## TASK STATEMENT
A faithful transcription of all the data, images excluded, is the required answer.

## STORED DATA
Content starts

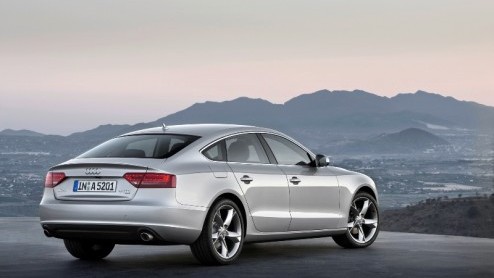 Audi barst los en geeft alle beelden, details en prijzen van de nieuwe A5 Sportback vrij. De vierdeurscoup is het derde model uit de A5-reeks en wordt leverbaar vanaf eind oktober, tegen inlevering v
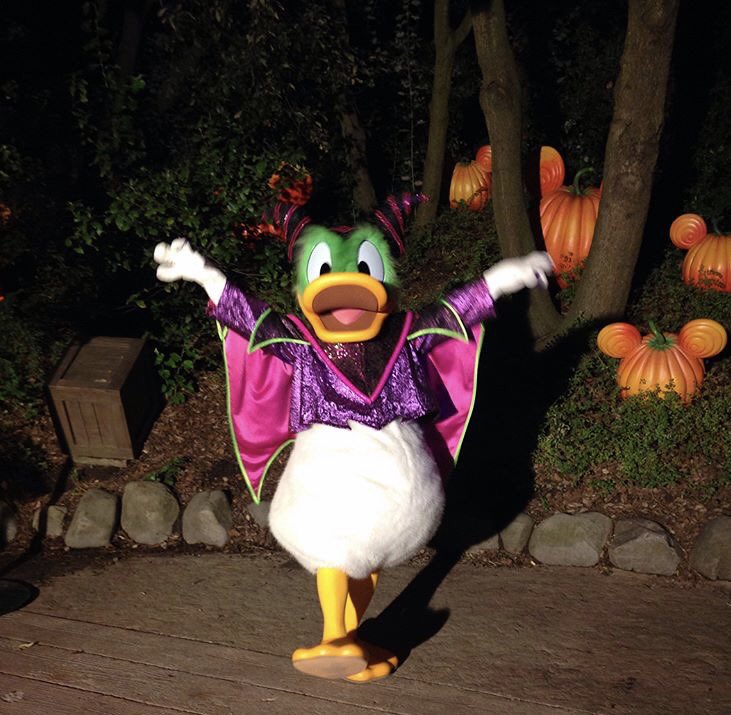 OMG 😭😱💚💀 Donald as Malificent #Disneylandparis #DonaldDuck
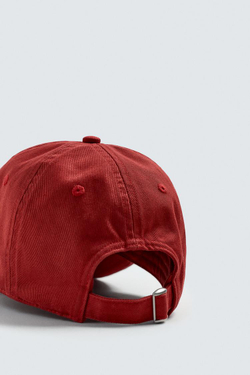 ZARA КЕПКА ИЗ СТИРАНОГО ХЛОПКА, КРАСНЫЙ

Content ends

## OUTPUT
 Audi barst los en geeft alle beelden, details en prijzen van de nieuwe A5 Sportback vrij. De vierdeurscoup is het derde model uit de A5-reeks en wordt leverbaar vanaf eind oktober, tegen inlevering v
 OMG 😭😱💚💀 Donald as Malificent #Disneylandparis #DonaldDuck
 ZARA КЕПКА ИЗ СТИРАНОГО ХЛОПКА, КРАСНЫЙ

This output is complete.